On this topic, the festival which epitomizes the Vietnamese cultural identity is indisputably Tet. Although this Lunar New Year is observed in the whole of East Asia influenced by Chinese civilisation, each country in the region (China, Japan, Korea, Vietnam, etc.) has institutionalized it in a way peculiar to that country by making it conform to its psyche and practices of the Vietnamese Tet are quite distant variants of the Chinese model, and are even original creations which hark back to myths, legends and usages of the pre-Chinese period and which prevailed in an authentically Viet culture of the Bronze Age (first millennium B.C) called the Red River culture.

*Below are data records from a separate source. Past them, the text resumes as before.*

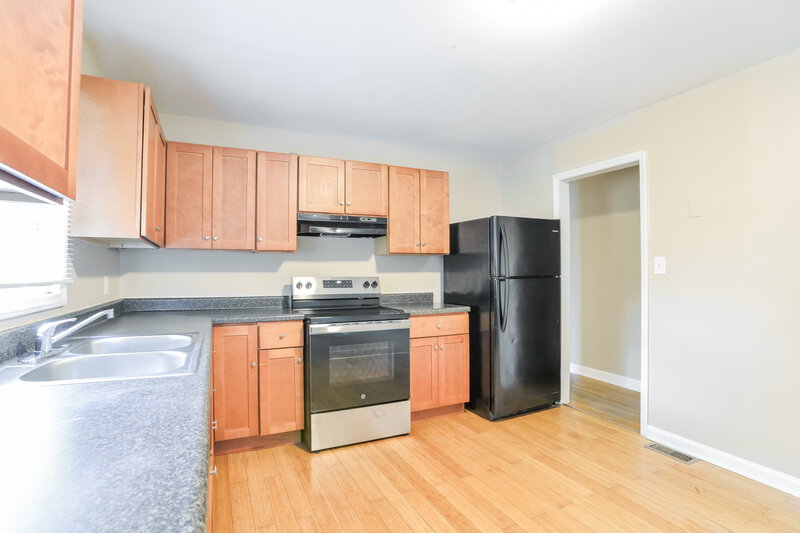 1,675/Mo, 3304 Sunset Rd Charlotte, NC 28216 Kitchen View 2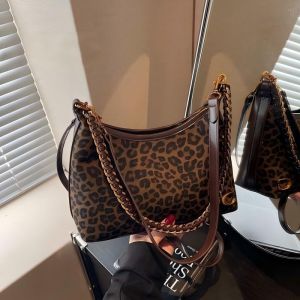 Y2K leopard print shoulder bag for women 2026 new model high-end style underarm bag with adjustable chain strapcrossbody bag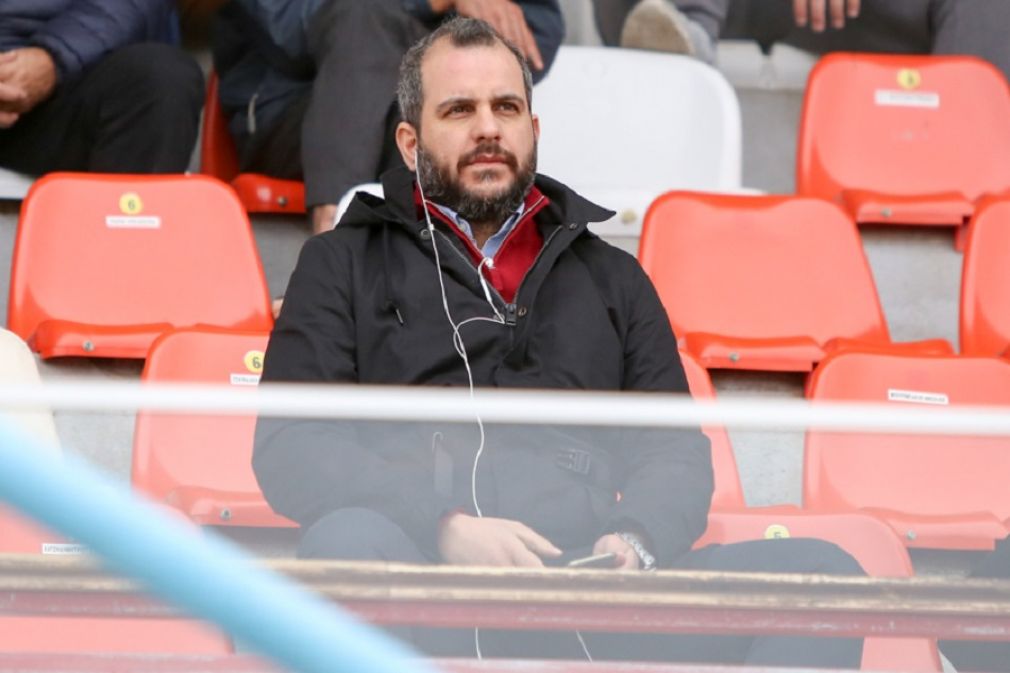 Διαολόστειλε τους...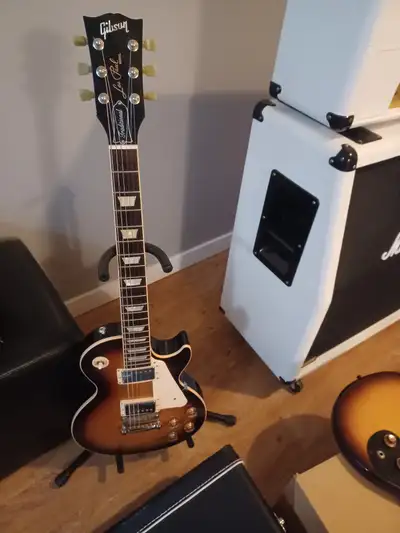 Gibson LP  Traditional, View more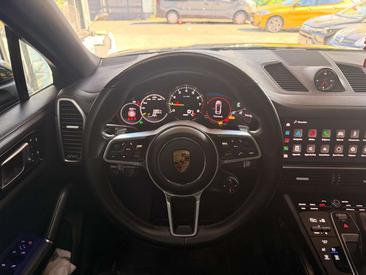 Porsche Cayenne III E-Hybrid Platinum Edition — photo 16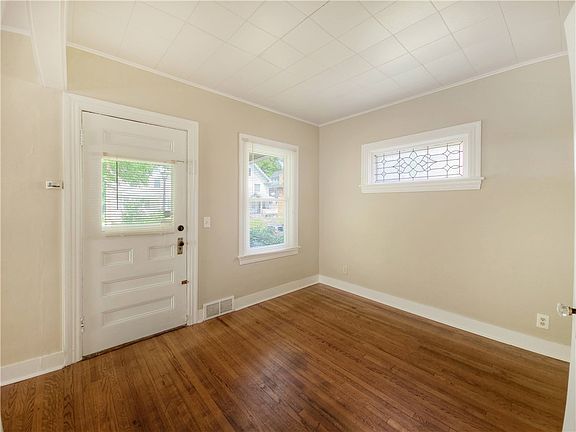 2nd image of 53 Congress Ave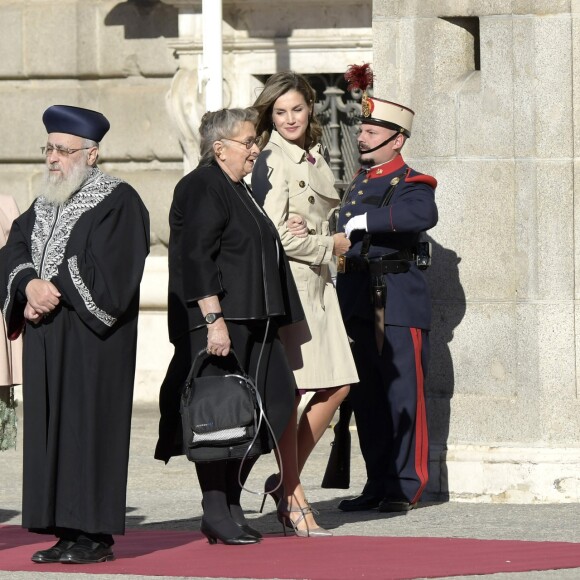Le roi Felipe VI et la reine Letizia d'Espagne ont accueilli le président israélien Reuven Rivlin et sa femme Nechama Rivlin au palais royal à Madrid le 6 novembre 2017, où étaient organisées les cérémonies de bienvenue.
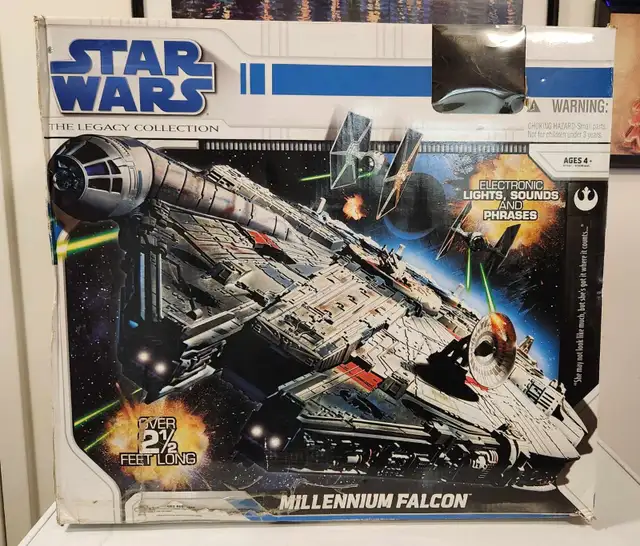 Hasbro Legacy Collection Millenium Falcon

The Vietnamese New Year is call “Năm Mới” just like the Chinese Sin Nian. However, its popular name is Tet, a phonetic deformation of the Sino – Vietnamese “tiết” which designates the joints of bamboo stem and also a meteorological period of the year. The passage from one period to the next may cause meteorological disturbances (heat, rain, mist, etc.) to be exorcised by means of ritual sacrifices and festivities. Thus, there are several Tet in the year (Tet of Cold Food, Mid-Autumn Tet…). The one that takes pride of place is the Tết Cả, which marks the New Year.
I have never seen in the world a festival as popular as the Vietnamese Tet and with a more humanistic character. For a nation of farmers attached to its rice fields for centuries, it expresses the communion of man and nature. It seals the union of the living and the dead (invitation to ancestors to return to the family for some time; visit to family graves); it gathers together members of the extended family (those who live in distant places do all they can to come back); it makes for reconciliations (e.g. between estranged mother-in-law and daughter-in-law), détente (e.g. fence mending by neighbours on bad terms with each other, etc.).
The whole village shares in the joy of the Spring festivals some of which may be celebrated as late as the third moon. Children are careful to behave themselves. Alms are not refused to beggars and everything is aimed at a renewal of the spirit. Each act done during Tet has consequences for the following 12 moons, hence a whole series if ‘opening’ ceremonies (a farmer turning the first furrow in his field; the scholar writing his first ideogram; the mandarin official stamping his first seal, etc.). The spring that comes brings with it a message of optimism, love, hope and confidence in man and life.
The Vietnamese have adopted many customs of the Confucian Chinese New Year but they have indigenised their form and content and added new practices of their own, drawing from the pre-Chinese folkloric treasury of their Viet cultural patrimony. Let me give a few examples: Tet folk prints, the cakes called bánh chưng, and betel.
New Year folk prints, printed from wood blocks, represent in both countries wishes for happiness and prosperity as pictured in the minds of farmers (plump children, longevity, flowers and fruit, etc.). But in Vietnam, they depict topics which are not at all Confucian: erotic scenes such as ‘Jealousy’ and ‘Coconut picking’, or patriotic scenes featuring heroes of the past struggle against Chinese invaders, etc. The most popular food eaten at Tet is undoubtedly the bánh chưng, a square cake (the shape of the Earth in popular imagination) made of steamed glutinous rice stuffed with fat pork, beans and shallots. Its origin is linked to a legend dating back to the first millennium before Christ, the time of the Hung Kings, who were the founders of the first Vietnamese state.
Dating back to the same period is the legend of the betel, the chewing of which has become less and less popular. But its symbolic significance remains: betel is a religious offering made to ancestors at Tet, a family festival.